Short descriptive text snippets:
+---+

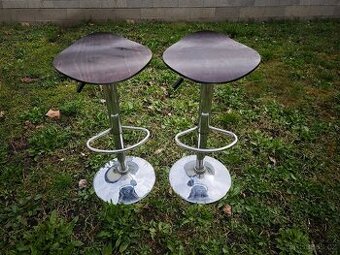 Pár barových židlí (zvedací, otočné, dřevo/kov)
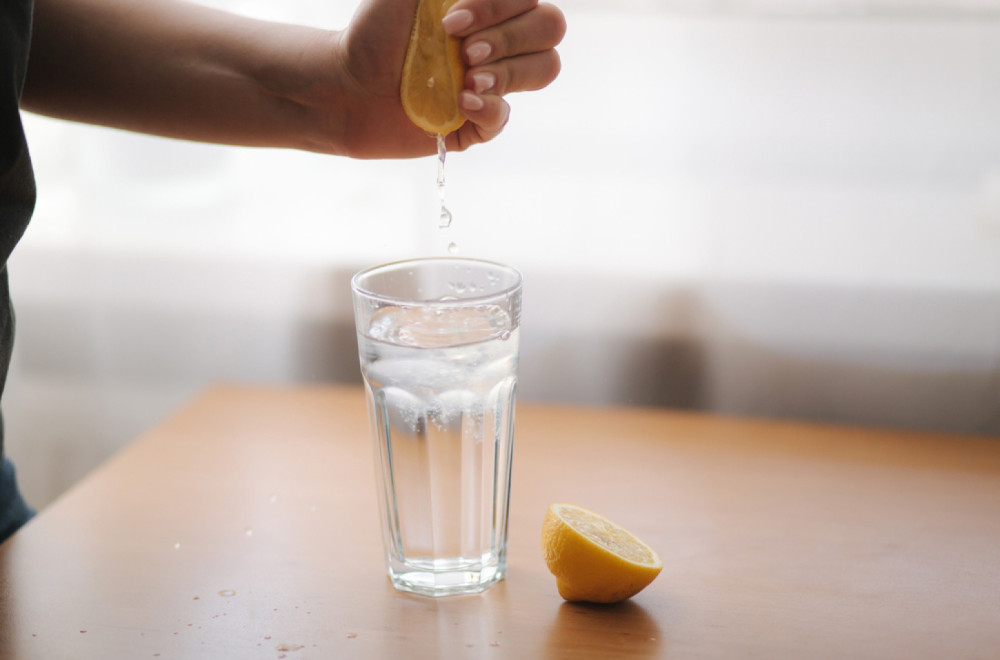 Šta se dešava sa vašim telom ako pijete vodu sa limunom baš svaki dan?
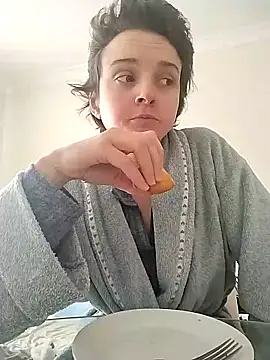 Amy01112 online show from 04.26.26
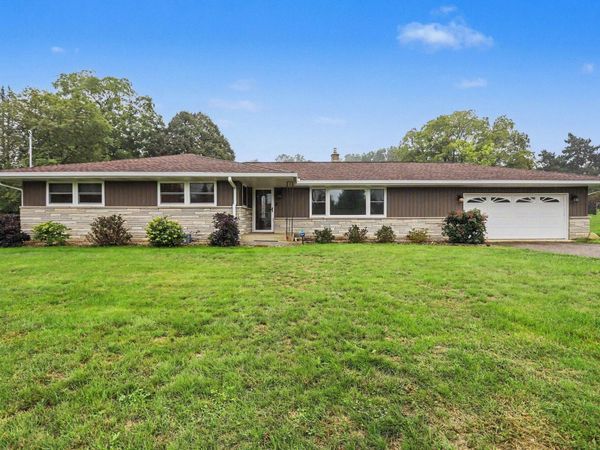 128 Chapel Hill Drive, Battle Creek, MI 49015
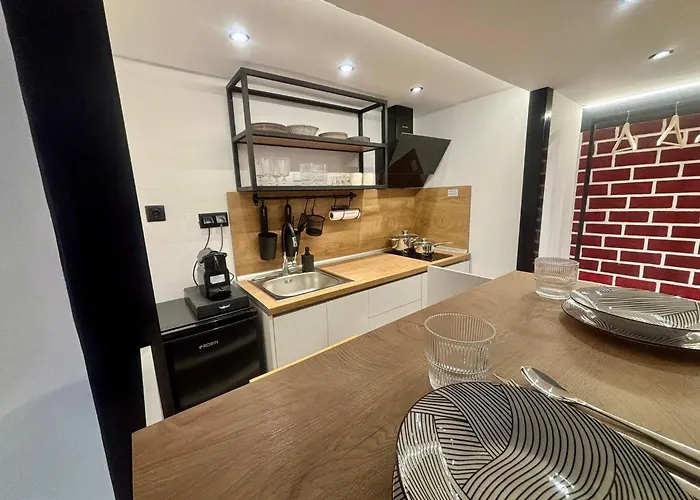 Astera Luxury Loft By Horizon Homes شقة Ofrínion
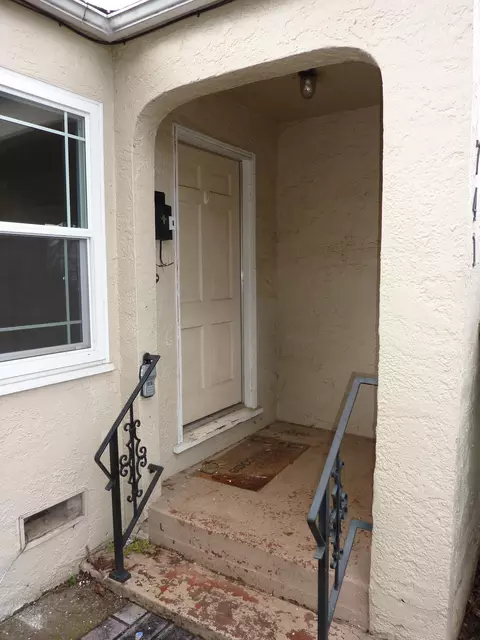 741 South St, Redding, CA 96001 photo 2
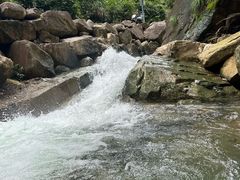 -雅鲁激流探险漂流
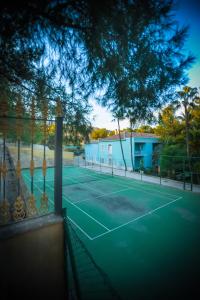 a tennis court in front of a house at Balneario de Leana in Fortuna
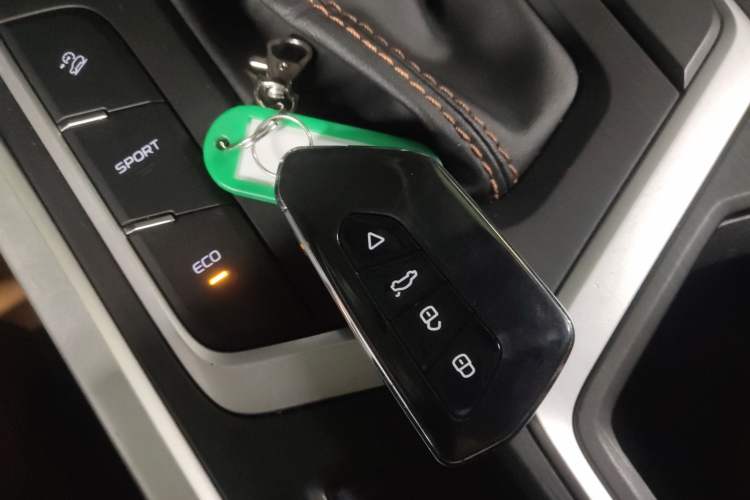 Used Geely Auto Vision X6 2020 1.4T CVT Luxury Edition Vehicle Key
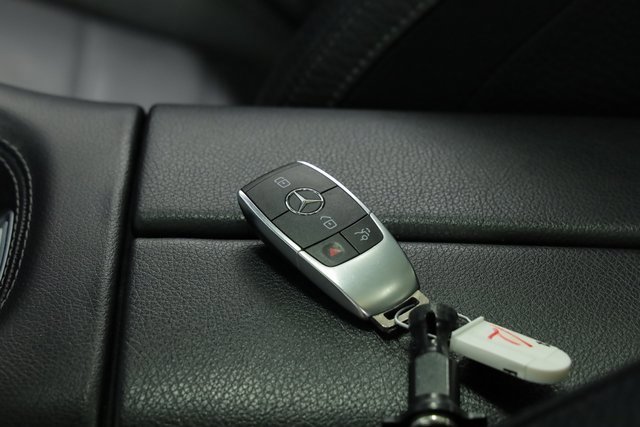 Used 2020 Mercedes-Benz GLE 580 4MATIC image 37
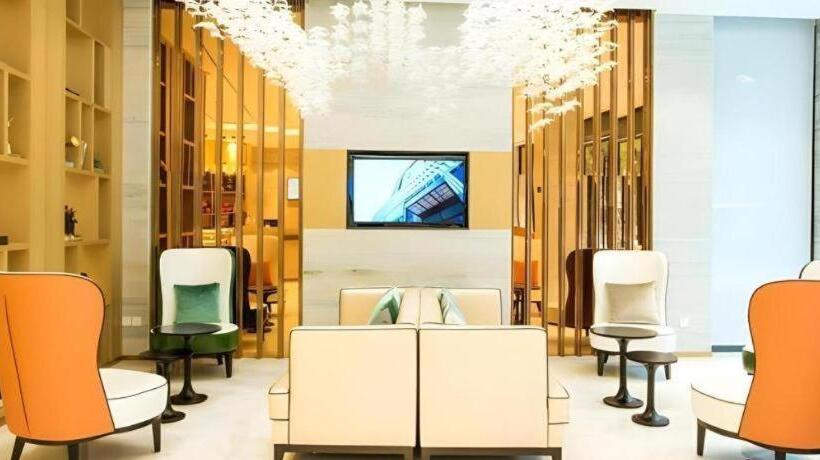 Отель City Comfort Inn Hezhou Municipal Square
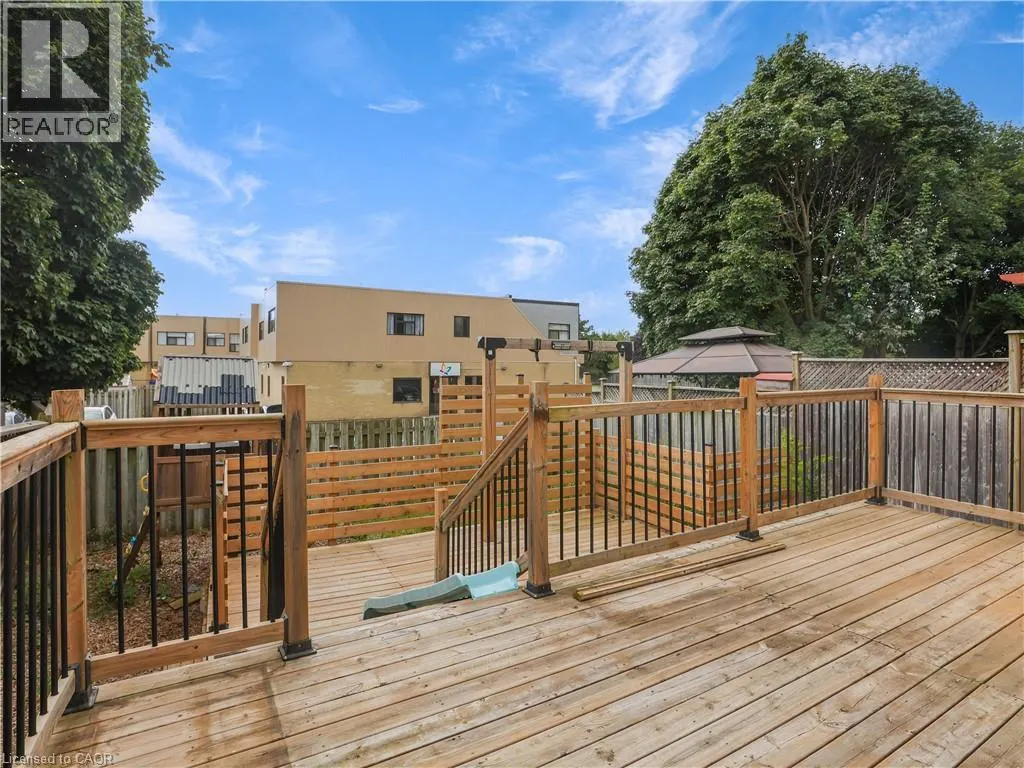 14 CHATEAU Crescent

+---+

Skip the images and set down the rest of the data unchanged.

Response to this exercise »
 Pár barových židlí (zvedací, otočné, dřevo/kov)
 Šta se dešava sa vašim telom ako pijete vodu sa limunom baš svaki dan?
 Amy01112 online show from 04.26.26
 128 Chapel Hill Drive, Battle Creek, MI 49015
 Astera Luxury Loft By Horizon Homes شقة Ofrínion
 741 South St, Redding, CA 96001 photo 2
 -雅鲁激流探险漂流
 a tennis court in front of a house at Balneario de Leana in Fortuna
 Used Geely Auto Vision X6 2020 1.4T CVT Luxury Edition Vehicle Key
 Used 2020 Mercedes-Benz GLE 580 4MATIC image 37
 Отель City Comfort Inn Hezhou Municipal Square
 14 CHATEAU Crescent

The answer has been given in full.